Race per se has no subjective constitutive features (e.g., feelings), no behavioral implications, and no relevance to the public purpose of marriage that justifies government involvement. In contrast, homosexuality per se is constituted by subjective feelings and behaviors which are legitimate objects of moral assessment and which are relevant to the only purpose that justifies government involvement in marriage: children.

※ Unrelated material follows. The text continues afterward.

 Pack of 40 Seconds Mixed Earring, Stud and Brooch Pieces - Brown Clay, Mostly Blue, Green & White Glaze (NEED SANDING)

Though not all marriages result in children, all children have parents. Children have an inherent desire to be connected with their biological parents, and they have needs that are best fulfilled by being raised whenever possible by their biological mothers and fathers. If humans did not procreate sexually (in other words, if all the erotic activities of humans were inherently sterile), there would exist no such thing as civil marriage. If humans procreated asexually, the idea of civil marriage would no more have developed than the absurd idea of government recognition of bff’s.

Counter-insurgency needed

Post-modernism, the sexual revolution, and a television-dominated culture created the wormy subsoil into which two other cultural phenomena have taken root and grown into a felicitous political environment for homo-activism. With large corporations dominating employment in America and the Internet disseminating information, disinformation, and demagoguery with lightning speed, homosexual activists are able to advance their doctrinaire and dogmatic ideology while undermining both religious liberty and speech rights. This is a stealth insurgent assault on the First Amendment, and it’s being opposed by a feeble, emasculated counter-insurgency effort.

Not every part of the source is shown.